***** Source data

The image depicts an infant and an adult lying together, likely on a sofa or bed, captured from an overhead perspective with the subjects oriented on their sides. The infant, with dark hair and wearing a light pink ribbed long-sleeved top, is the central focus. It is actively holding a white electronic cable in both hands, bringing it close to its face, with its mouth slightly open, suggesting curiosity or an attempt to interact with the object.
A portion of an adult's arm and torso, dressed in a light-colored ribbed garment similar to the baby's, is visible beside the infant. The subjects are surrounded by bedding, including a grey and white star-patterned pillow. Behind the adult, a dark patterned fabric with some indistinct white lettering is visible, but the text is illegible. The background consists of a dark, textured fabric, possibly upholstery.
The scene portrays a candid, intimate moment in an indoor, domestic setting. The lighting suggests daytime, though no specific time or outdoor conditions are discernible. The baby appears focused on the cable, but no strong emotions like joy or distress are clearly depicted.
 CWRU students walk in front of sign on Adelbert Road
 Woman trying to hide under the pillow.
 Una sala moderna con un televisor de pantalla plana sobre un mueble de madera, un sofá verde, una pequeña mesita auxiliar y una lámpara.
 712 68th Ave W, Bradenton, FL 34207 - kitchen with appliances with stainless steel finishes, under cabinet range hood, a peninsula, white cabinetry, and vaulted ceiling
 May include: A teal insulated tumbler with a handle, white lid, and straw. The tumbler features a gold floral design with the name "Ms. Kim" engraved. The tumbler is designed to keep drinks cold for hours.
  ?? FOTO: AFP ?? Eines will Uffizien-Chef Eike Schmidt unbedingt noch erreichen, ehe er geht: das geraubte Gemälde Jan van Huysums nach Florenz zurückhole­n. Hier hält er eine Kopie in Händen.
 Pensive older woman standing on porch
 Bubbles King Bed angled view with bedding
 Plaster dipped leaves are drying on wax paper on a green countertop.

**********

Task description:
The lines you need are those with the word "under"; list them from the entries.

Answer to this exercise:
 Woman trying to hide under the pillow.
 712 68th Ave W, Bradenton, FL 34207 - kitchen with appliances with stainless steel finishes, under cabinet range hood, a peninsula, white cabinetry, and vaulted ceiling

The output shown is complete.